Not me. I'm from Pittsburgh so you know I hate the cowgirls. Lol. Though I will watch the game an it will prob be a good one to watch.

----------


## Zodiac82

> The Dallas Cowboys will beat the redskins and get into the playoffs !!!! Who's with me ?


oh come on man....Redskinz allllll the way....as always the game will be interesting....HTTR

----------


## Boom55

> Not me. I'm from Pittsburgh so you know I hate the cowgirls. Lol. Though I will watch the game an it will prob be a good one to watch.


Steelers fan ??? We will let you know how the playoffs are  :Stick Out Tongue:

----------


## zaggahamma

definitely be watching..wouldnt bet any money on it but definitely in the silver and blue stands along with ya

----------


## Far from massive

Redskins for the win!! You never can tell till its over, and its hard to win so many in a row. None the less the Redskins for sure have the better team right now, plus its a home game against their arch nemesis and the fans will be in this game!

----------


## Boom55

> Redskins for the win!! You never can tell till its over, and its hard to win so many in a row. None the less the Redskins for sure have the better team right now, plus its a home game against their arch nemesis and the fans will be in this game!

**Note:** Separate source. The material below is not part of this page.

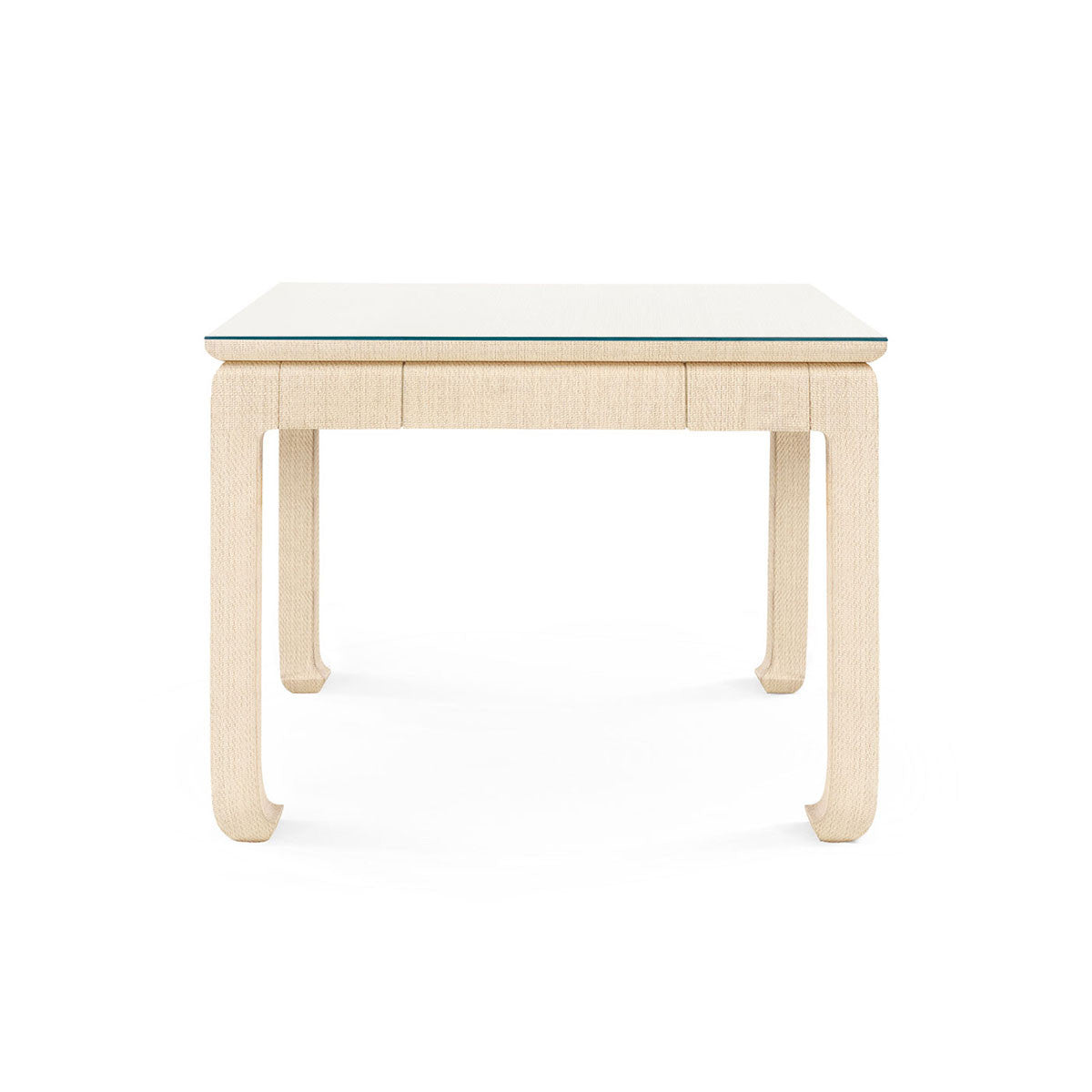 The Villa & House Bethany Game Table is a square wooden table with a light finish, glass top, and four curved legs. Set against a plain white background, this versatile piece blends style and function for any space.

Cowboys play the best on the road ! It will be a great game, I smell another OT victory  :Smilie:

----------


## Rwy

romo fails as usually when it counts

----------


## zaggahamma

yes he does thats why i wouldnt bet money but i will have the bud light bottles facing appropriately when and if they have a game winning kick on the line

----------


## Zodiac82

> Redskins for the win!! You never can tell till its over, and its hard to win so many in a row. None the less the Redskins for sure have the better team right now, plus its a home game against their arch nemesis and the fans will be in this game!


absolutely

----------


## zaggahamma

will collingsworth EVER SHUT UP!!!!!!!!!!!!!!!!!!!!!!!

----------


## zaggahamma

Wounded duck for a td

----------


## Zodiac82

> Wounded duck for a td


forgot to mention the delay of game and the holding in the play

----------


## zaggahamma

Cuz i dont care...the refs suck in every game almost cost the vikings a trip to the show with a ghost interference call

----------


## zaggahamma

Ridiculous

----------


## Zodiac82

> Cuz i dont care...the refs suck in every game almost cost the vikings a trip to the show with a ghost interference call


booyah td reeeedskinz....this is gonna be fun ; ) 

but refs do cost aalot of games

----------


## zaggahamma

Romo sucks and the coach is stupid...no fg attempt and fvcking kick it through the fvcking mother fvcking endzone...he sucked as a qb too

----------


## zaggahamma

Cant believe its half time

----------


## Zodiac82

so are u a Dallas fan jp or ur just rooting for them

----------


## Boom55

> Cuz i dont care...the refs suck in every game almost cost the vikings a trip to the show with a ghost interference call


I agree all season it seems like

----------


## Boom55

Right after I say that refs blow the game ...... Smh

----------


## Zodiac82

> Right after I say that refs blow the game ...... Smh


???? howd they blow game

----------


## Boom55

> ???? howd they blow game


On their knees if you don't understand the concept ask your mom

----------


## Zodiac82

> On their knees if you don't understand the concept ask your mom


yeh I think u took it a little too far....im one if the nicest ppl dont ever ****n talk about my mother

----------


## Zodiac82

reeeeedskinnnnz

----------


## Zodiac82

> On their knees if you don't understand the concept ask your mom


since ur cryin so much instead of put a pacifier in ur mouth go put a di*k in and suck that

----------


## Boom55

> reeeeedskinnnnz


Regardless of refs, Washington played a decent game and deserved the win

----------


## Zodiac82

> Regardless of refs, Washington played a decent game and deserved the win


appreciate that

----------


## zaggahamma

i pull for dallas most of the time i cant believe what that organization has become and what that owner hangs on to and calls a team

as long as greenbay doesnt win i'm good

seahawks should easily beat washington next week and put an end to all that nonsense

how bout adrian and the vikes over there u gotta love that guy....he did not even know he was only 9 yards short....he was like , really 9 yards...wow......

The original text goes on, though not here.